In these scenarios—and there are scores of them—it can be difficult to distinguish between a legal, court-ordered eviction (even if fraudulently obtained) and a private army: in effect, a paramilitary death squad. 

And so you find a paragraph like this one in an Amnesty International report that (correctly, in my view) blends the crimes of state and non-state actors. From the victims’ point of view, it’s hard to see the difference.

“The Unit for the Protection of Human Rights Defenders in Guatemala (UDEFEGUA) reported 5,965 attacks against human rights defenders between January and November 2023, including threats, killings, harassment and arbitrary detentions. Criminalization increased, particularly against those involved in the fight against impunity and corruption.”

And this paragraph from a Maritimes-Guatemala Breaking The Silence (BTS) Network report on the Nueva Jerusalén eviction:

“[T]he state abets and perpetrates violence against the community. The police—the armed wing of the state—have…ransacked homes, destroyed possessions and sought to provoke community members to protect themselves. With this sleight of hand, they bring charges against community members, used to defame and criminalize the residents of Nueva Jerusalen.”

“Bringing charges.” “Criminalization.” 

Mélisande Séguin of BTS notes that land defenders continue to meet with government officials to stop future arrests. “Nonetheless, with Consuelo Porras at the helm of the Public Prosecutor’s office, criminalization remains a major threat for Indigenous and campesino movements.”

On Feb. 8, the new government signed an agreement with CCDA, CUT and other organizations of small farmers and Indigenous peoples. 

“For our administration, dialogue is not just a tool but a key pillar that promotes citizen participation in defining the agendas that effectively solve different needs,” said Arévalo during the signing ceremony. He said the agreement was the product of a dialogue process that began in the last quarter of 2023.

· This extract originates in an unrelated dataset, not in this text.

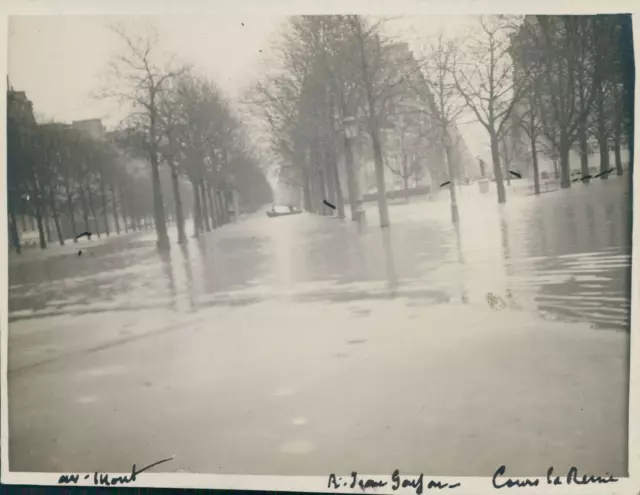 Paris, Inondation Place de l Alma, ca.1910, Vintage silver print vintage silver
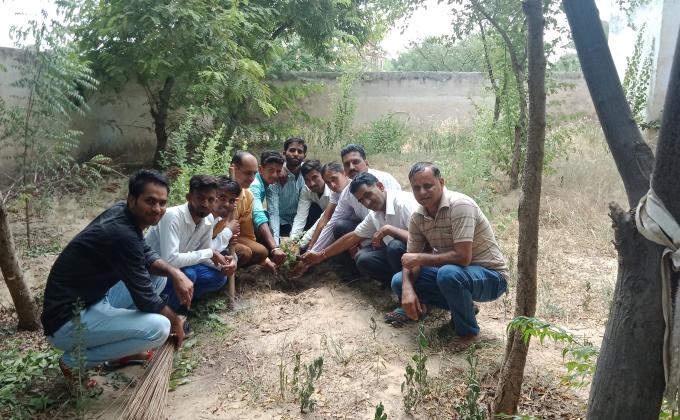 प्रकति बचाने की ली गई शपत।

“All Guatemalans are equal in dignity and rights. The new government embraces the idea that everyone has something valuable to contribute and deserves to be heard,” he said.

Speaking at the ceremony, CCDA national coordinator Neydi Yasmín Juracán stated: “For us, it is a historic day because we have been meeting politically and technically for these agreements.” She said CCDA has worked for more than 28 years to prevent and end land evictions, but:

  • 12 community leaders were assassinated between 2018 and 2022.
  • Seven leaders are currently imprisoned.
  • 1,788 arrest warrants, 35 per cent targeting women.
  • Seven active temporary shelters to attend to agrarian conflicts.
  • 1,320 cases were accompanied by the CCDA.